Data for review:
++++

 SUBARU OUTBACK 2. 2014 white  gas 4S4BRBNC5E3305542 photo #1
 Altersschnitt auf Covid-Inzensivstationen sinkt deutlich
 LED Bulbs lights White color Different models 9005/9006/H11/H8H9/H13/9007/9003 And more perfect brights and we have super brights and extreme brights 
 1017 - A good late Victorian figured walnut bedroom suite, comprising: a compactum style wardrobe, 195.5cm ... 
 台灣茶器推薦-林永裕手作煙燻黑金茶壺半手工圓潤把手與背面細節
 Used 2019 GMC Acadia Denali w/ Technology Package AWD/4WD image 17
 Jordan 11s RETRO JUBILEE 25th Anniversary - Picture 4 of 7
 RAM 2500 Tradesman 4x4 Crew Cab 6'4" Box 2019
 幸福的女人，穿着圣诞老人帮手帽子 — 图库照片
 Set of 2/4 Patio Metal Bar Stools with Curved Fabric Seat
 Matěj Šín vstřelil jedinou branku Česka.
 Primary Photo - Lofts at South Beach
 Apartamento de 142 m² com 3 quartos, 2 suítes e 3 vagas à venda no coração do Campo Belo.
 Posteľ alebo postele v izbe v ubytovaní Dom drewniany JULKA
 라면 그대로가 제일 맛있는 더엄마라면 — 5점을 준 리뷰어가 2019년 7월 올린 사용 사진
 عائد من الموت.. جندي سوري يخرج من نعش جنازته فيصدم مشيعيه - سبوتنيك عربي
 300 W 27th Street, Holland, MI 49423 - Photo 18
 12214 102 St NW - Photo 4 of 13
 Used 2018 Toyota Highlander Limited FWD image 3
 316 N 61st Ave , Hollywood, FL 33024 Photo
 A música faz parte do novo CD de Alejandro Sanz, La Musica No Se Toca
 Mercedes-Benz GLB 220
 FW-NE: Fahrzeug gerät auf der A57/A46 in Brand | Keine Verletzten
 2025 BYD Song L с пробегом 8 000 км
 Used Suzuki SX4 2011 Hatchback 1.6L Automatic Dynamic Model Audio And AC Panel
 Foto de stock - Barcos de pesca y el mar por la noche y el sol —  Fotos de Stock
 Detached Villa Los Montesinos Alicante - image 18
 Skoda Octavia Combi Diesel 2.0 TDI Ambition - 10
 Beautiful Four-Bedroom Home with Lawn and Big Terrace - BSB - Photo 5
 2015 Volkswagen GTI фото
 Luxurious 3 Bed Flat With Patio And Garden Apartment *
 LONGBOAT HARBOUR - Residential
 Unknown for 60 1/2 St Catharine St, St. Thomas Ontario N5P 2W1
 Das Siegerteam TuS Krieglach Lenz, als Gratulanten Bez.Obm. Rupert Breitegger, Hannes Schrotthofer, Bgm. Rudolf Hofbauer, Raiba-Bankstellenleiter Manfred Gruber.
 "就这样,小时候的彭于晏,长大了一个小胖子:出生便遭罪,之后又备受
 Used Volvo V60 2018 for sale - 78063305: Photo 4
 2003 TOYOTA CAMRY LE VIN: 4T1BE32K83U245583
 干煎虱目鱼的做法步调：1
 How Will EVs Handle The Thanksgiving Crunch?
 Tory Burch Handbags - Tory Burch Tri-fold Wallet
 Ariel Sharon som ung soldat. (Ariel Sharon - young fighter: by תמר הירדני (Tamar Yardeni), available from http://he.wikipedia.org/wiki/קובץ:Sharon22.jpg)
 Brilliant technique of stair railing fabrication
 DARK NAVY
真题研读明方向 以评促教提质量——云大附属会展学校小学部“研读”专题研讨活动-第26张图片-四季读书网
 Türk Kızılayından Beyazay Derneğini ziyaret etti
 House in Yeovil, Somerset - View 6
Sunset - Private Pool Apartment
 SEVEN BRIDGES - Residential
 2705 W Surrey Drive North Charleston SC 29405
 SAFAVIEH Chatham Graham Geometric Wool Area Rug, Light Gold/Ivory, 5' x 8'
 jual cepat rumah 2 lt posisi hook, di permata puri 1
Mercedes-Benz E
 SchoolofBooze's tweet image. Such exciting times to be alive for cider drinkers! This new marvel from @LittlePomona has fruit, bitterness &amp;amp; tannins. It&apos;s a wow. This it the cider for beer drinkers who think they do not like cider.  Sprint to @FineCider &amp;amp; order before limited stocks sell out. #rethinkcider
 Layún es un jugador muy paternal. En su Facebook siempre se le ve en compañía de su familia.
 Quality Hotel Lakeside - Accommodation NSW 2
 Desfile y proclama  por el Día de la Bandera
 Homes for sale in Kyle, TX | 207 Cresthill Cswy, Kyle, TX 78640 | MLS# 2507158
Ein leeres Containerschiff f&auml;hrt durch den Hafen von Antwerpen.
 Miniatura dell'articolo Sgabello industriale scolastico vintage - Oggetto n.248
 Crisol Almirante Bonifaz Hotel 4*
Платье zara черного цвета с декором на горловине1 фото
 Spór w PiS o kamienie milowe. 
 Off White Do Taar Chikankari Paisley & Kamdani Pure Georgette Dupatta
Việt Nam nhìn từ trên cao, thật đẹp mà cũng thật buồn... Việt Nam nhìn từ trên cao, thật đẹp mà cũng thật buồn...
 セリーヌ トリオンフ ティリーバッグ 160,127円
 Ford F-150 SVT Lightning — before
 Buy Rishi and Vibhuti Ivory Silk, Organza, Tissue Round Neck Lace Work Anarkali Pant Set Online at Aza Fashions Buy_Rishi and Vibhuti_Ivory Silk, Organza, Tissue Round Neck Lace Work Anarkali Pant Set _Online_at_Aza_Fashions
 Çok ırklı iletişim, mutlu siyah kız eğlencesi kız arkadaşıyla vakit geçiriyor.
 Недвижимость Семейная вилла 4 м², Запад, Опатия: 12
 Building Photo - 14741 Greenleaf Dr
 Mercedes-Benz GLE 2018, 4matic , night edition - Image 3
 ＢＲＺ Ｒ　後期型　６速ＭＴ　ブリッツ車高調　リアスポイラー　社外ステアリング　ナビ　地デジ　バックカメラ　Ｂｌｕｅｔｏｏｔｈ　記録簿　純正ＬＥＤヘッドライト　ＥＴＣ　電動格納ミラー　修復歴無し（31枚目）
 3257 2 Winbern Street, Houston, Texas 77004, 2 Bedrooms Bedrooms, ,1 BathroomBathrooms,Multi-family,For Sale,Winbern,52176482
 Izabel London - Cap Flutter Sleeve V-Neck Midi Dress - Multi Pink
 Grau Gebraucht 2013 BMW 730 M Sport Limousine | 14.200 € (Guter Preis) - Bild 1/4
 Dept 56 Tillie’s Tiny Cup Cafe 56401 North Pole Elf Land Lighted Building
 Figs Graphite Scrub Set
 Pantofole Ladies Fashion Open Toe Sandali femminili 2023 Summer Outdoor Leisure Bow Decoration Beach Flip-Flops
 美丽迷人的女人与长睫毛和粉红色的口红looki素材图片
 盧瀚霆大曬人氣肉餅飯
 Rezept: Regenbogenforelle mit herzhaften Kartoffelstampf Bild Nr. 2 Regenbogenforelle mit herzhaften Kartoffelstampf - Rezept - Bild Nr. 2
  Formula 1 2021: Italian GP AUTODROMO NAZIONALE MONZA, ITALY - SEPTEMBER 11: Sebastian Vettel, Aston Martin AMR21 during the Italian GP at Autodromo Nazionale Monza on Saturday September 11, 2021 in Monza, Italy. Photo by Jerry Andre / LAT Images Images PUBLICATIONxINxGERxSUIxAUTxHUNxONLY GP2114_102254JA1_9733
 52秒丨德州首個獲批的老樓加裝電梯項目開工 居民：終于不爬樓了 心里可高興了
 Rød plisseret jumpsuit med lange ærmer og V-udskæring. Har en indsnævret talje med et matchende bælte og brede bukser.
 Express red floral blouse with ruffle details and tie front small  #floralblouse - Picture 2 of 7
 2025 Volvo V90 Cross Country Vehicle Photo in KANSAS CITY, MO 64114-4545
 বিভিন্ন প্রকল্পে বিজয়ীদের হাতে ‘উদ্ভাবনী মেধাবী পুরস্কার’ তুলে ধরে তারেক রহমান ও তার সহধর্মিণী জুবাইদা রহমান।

++++

Task prompt: Exactly the lines above from the one with "Mercedes-Benz E" to the one with "Ford F-150 SVT Lightning — before", both included, are to be quoted; leave the rest out.

Output:
Mercedes-Benz E
 SchoolofBooze's tweet image. Such exciting times to be alive for cider drinkers! This new marvel from @LittlePomona has fruit, bitterness &amp;amp; tannins. It&apos;s a wow. This it the cider for beer drinkers who think they do not like cider.  Sprint to @FineCider &amp;amp; order before limited stocks sell out. #rethinkcider
 Layún es un jugador muy paternal. En su Facebook siempre se le ve en compañía de su familia.
 Quality Hotel Lakeside - Accommodation NSW 2
 Desfile y proclama  por el Día de la Bandera
 Homes for sale in Kyle, TX | 207 Cresthill Cswy, Kyle, TX 78640 | MLS# 2507158
Ein leeres Containerschiff f&auml;hrt durch den Hafen von Antwerpen.
 Miniatura dell'articolo Sgabello industriale scolastico vintage - Oggetto n.248
 Crisol Almirante Bonifaz Hotel 4*
Платье zara черного цвета с декором на горловине1 фото
 Spór w PiS o kamienie milowe. 
 Off White Do Taar Chikankari Paisley & Kamdani Pure Georgette Dupatta
Việt Nam nhìn từ trên cao, thật đẹp mà cũng thật buồn... Việt Nam nhìn từ trên cao, thật đẹp mà cũng thật buồn...
 セリーヌ トリオンフ ティリーバッグ 160,127円
 Ford F-150 SVT Lightning — before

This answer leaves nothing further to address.